*** Opening Data records ***
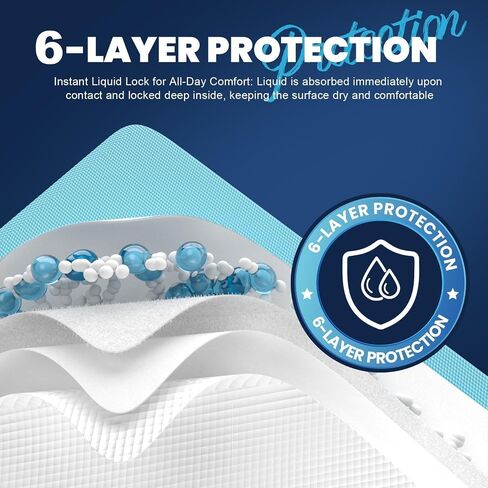 MILDPLUS Heavy Duty Underpad 36''x36'' 50 Count 125 Grams Extra Large Chucks Pads 3XL Disposable Bed Pads, Super Absorbent Incontinence Pads for Adults, Kids, Pee Pads (Blue) in Saudi Arabia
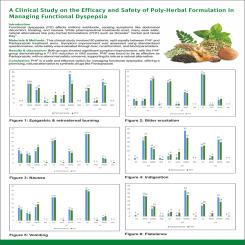 A clinical study on the efficacy and safety of poly-herbal formulation in managing functional dyspepsia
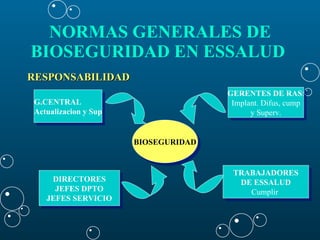RESPONSABILIDAD   NORMAS GENERALES DE BIOSEGURIDAD EN ESSALUD   BIOSEGURIDAD G.CENTRAL Actualizacion y Sup GERENTES DE RAS : Implant. Difus, cump y Superv. DIRECTORES JEFES DPTO JEFES SERVICIO TRABAJADORES DE ESSALUD Cumplir  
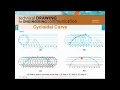 24 Cycloidal Curve
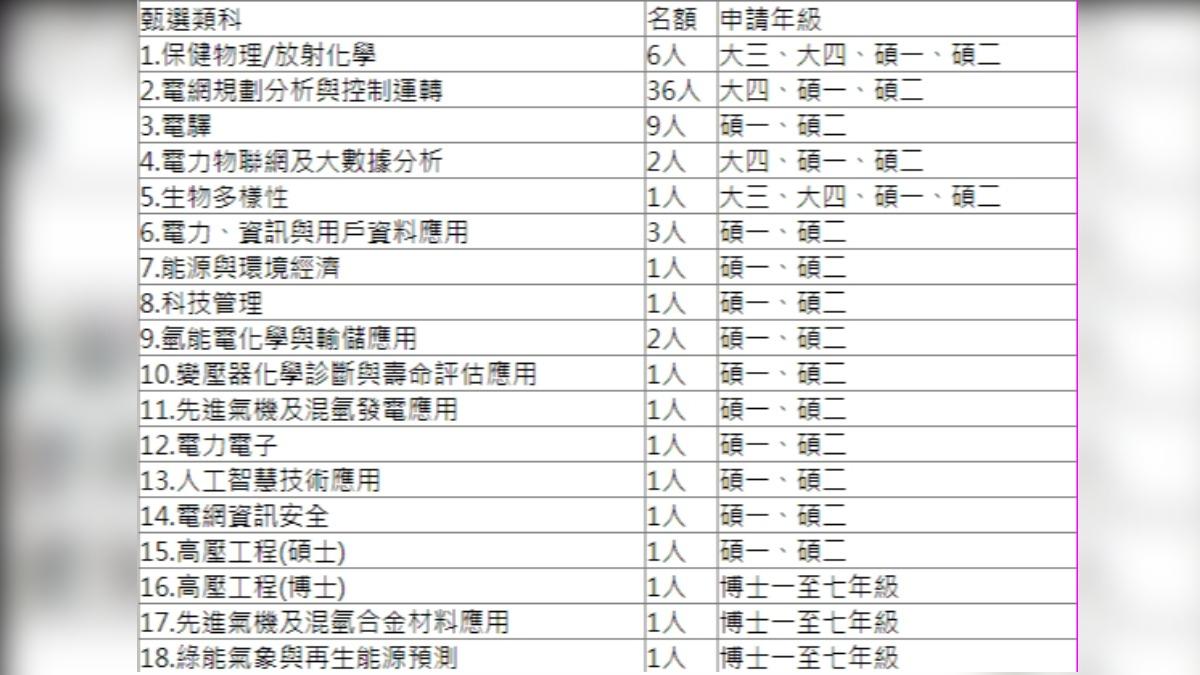 台電祭出113學年度大學及研究所獎學金甄選簡章。(圖/翻攝自台灣電力公司官網)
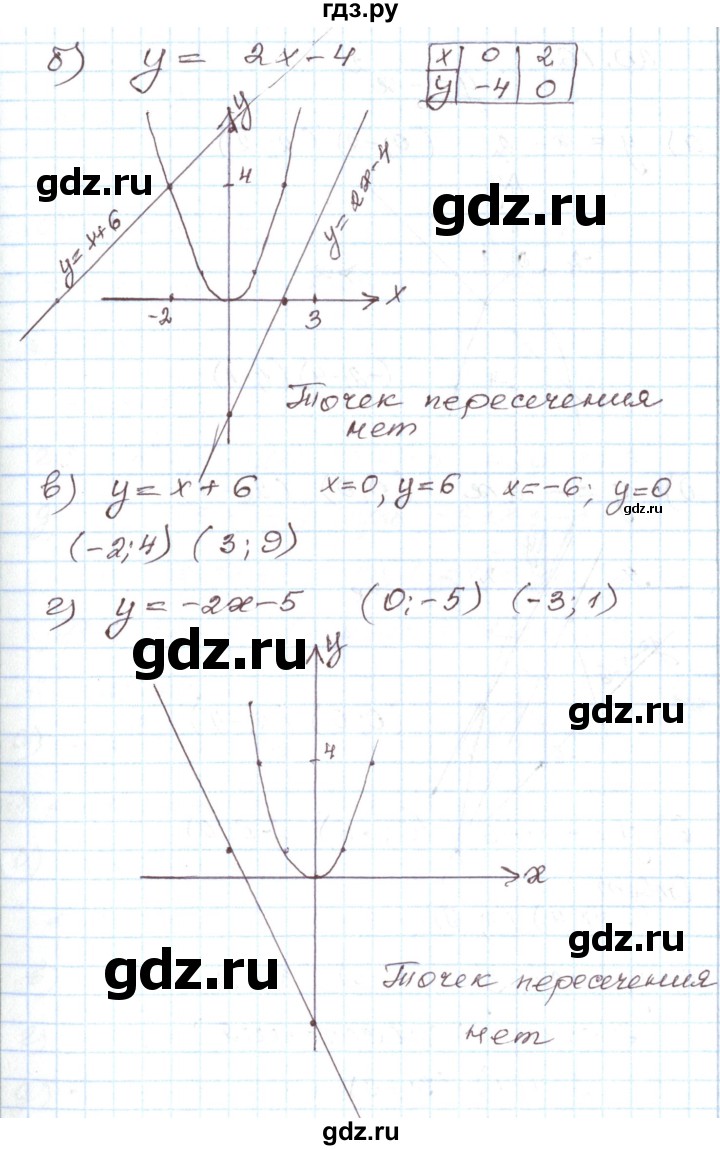 ГДЗ по алгебре 7 класс Мордкович   параграф 20 - 20.15, Решебник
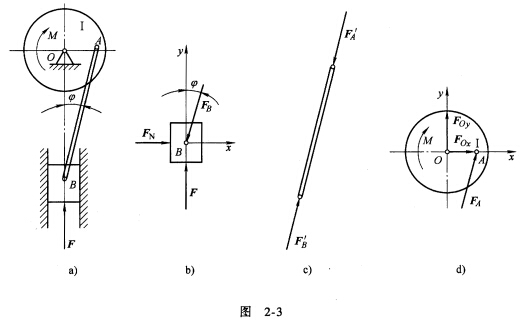 如图2-3a所示为曲轴冲床简图,由轮i,连杆ab和冲头b组成.oa=r,ab=1.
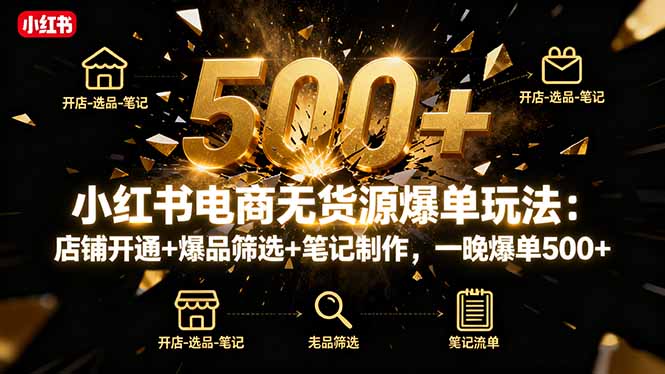 小红书电商无货源爆单玩法：店铺开通+爆品筛选+笔记制作，一晚爆单500+-搞钱利器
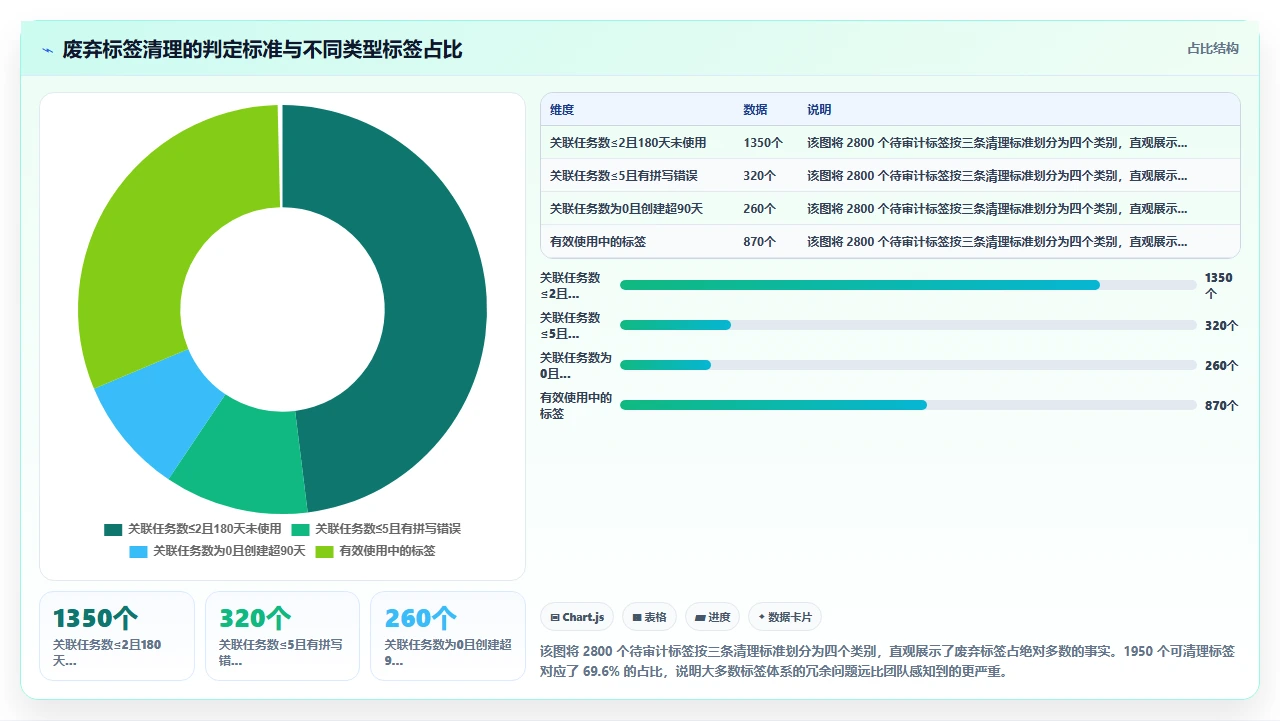 jira标签体系重构后,检索效率翻倍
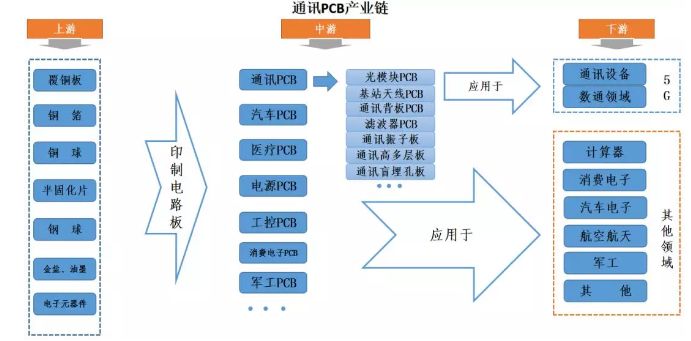 线路板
*** Closing Data records ***
# Activity
Take the lines from the start of the entries through the line containing "如图2-3a所示为曲轴冲床简" and set them down exactly, leaving out every picture.

# Solution to this task
 MILDPLUS Heavy Duty Underpad 36''x36'' 50 Count 125 Grams Extra Large Chucks Pads 3XL Disposable Bed Pads, Super Absorbent Incontinence Pads for Adults, Kids, Pee Pads (Blue) in Saudi Arabia
 A clinical study on the efficacy and safety of poly-herbal formulation in managing functional dyspepsia
RESPONSABILIDAD   NORMAS GENERALES DE BIOSEGURIDAD EN ESSALUD   BIOSEGURIDAD G.CENTRAL Actualizacion y Sup GERENTES DE RAS : Implant. Difus, cump y Superv. DIRECTORES JEFES DPTO JEFES SERVICIO TRABAJADORES DE ESSALUD Cumplir  
 24 Cycloidal Curve
 台電祭出113學年度大學及研究所獎學金甄選簡章。(圖/翻攝自台灣電力公司官網)
 ГДЗ по алгебре 7 класс Мордкович   параграф 20 - 20.15, Решебник
 如图2-3a所示为曲轴冲床简图,由轮i,连杆ab和冲头b组成.oa=r,ab=1.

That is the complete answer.